Exercise -
Everything from the line containing "Matchbook Cover - Avalon" through the line containing "Building Photo - 714" should be repeated exactly, and nothing else from the data.

Supplied data -
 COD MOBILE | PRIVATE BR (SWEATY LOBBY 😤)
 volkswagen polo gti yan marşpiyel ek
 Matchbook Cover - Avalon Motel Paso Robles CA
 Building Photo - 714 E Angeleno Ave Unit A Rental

==

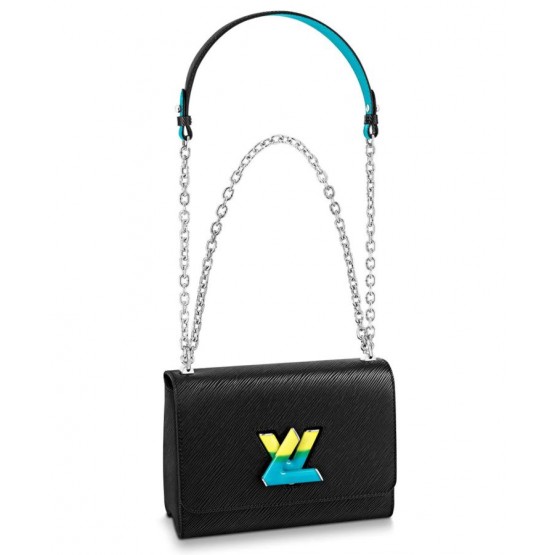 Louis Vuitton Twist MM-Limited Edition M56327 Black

--

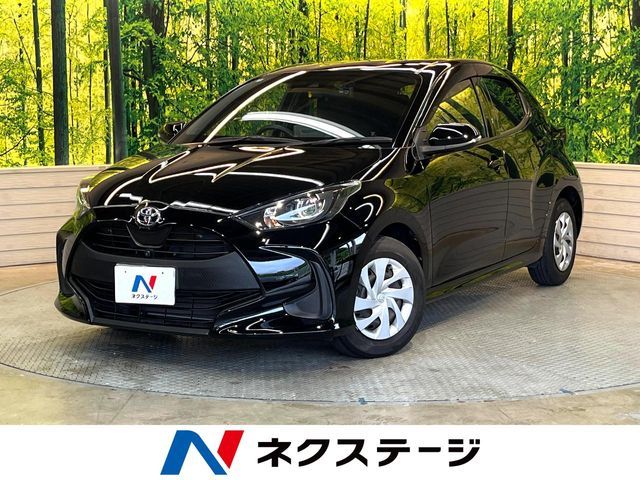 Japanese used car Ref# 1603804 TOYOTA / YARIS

Result of this exercise -
 Matchbook Cover - Avalon Motel Paso Robles CA
 Building Photo - 714 E Angeleno Ave Unit A Rental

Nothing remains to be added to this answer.